Mayor's race draws Philadelphians to the polls
Politics is replacing the 76ers' bid for the pro basketball championships as the big game in the nation's fourth largest city. The prize is the office of mayor. The candidate to beat is W. Wilson Goode, whose ultimate goal is to become Philadelphia's first black mayor.
His first step will be to win the Democratic primary today. His chief adversary is Frank L. Rizzo, former law-and-order two-term mayor and ex-police commissioner. Mr. Rizzo is the underdog making a seasoned campaigner's comeback.
Standing by to challenge the Democratic winner are three Republican hopefuls: Charles F. Dougherty, a former US congressman; Tom Gola, a former pro basketball star; and John J. Egan Jr., chairman of the Philadelphia stock exchange.

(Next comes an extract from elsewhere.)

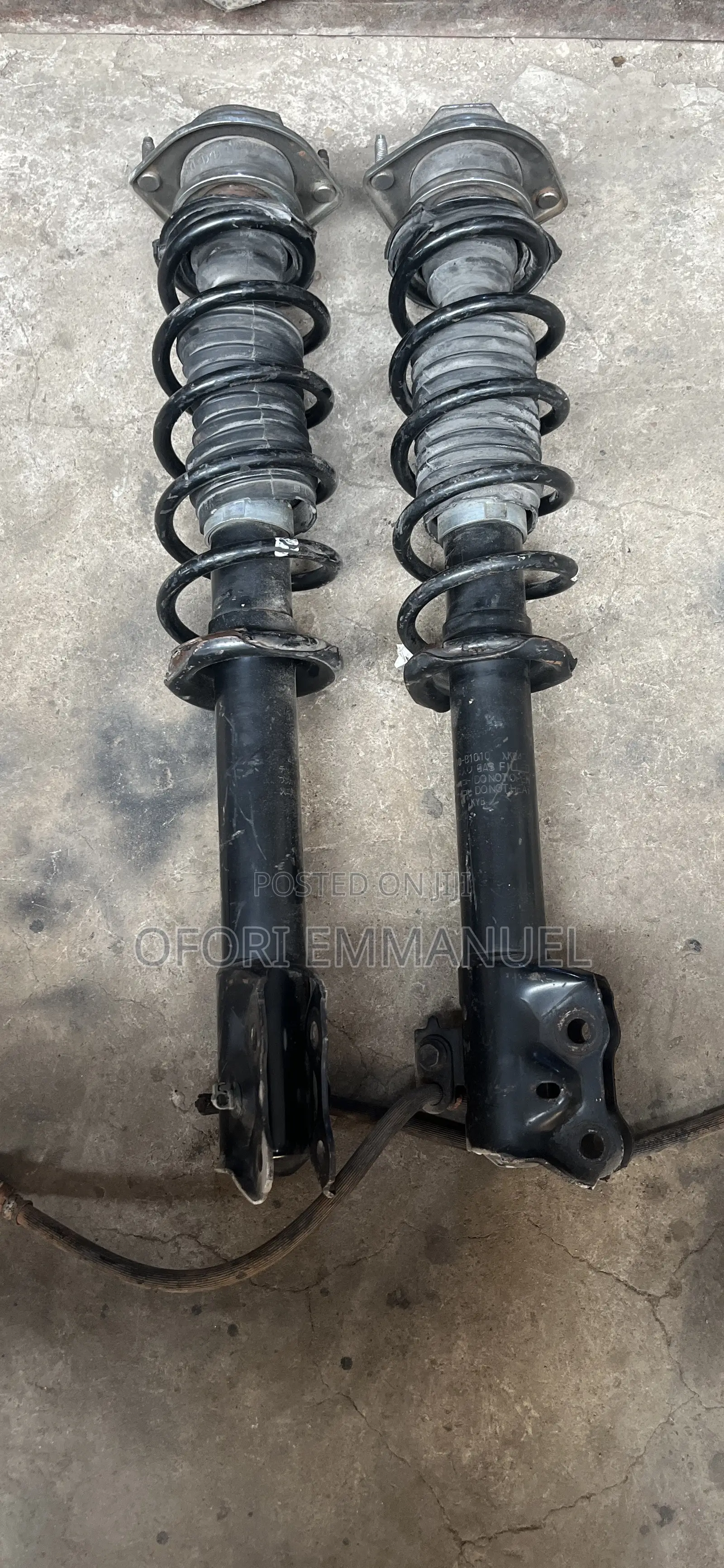 Toyota Passofront Shocks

Although no Republican has been elected mayor since 1950, the three candidates hope to pull an upset, assuming that Goode is the Democratic nominee. People here insist Philadelphia isn't Chicago. But it is felt that many white Democrats will switch loyalties rather than vote for a black mayor.
On the final weekend before the primary, Goode and Rizzo worked to inspire their most ardent supporters to get the voters to the polls. On Sunday, Goode worshipped for three hours at First Baptist Church of Paschall, where he is chairman of the deacons and a longtime member. Rizzo spent Sunday afternoon marching in a three-hour parade as grand marshal in his stronghold, South Philadelphia.
Goode hopes to capture 90 percent of the black vote and 20 percent of the white. Some 53 percent of the 900,000 registered Democrats are white, and 44 percent are black. Rizzo seeks to recapture the old magic that made him a popular mayor and commissioner in his heyday.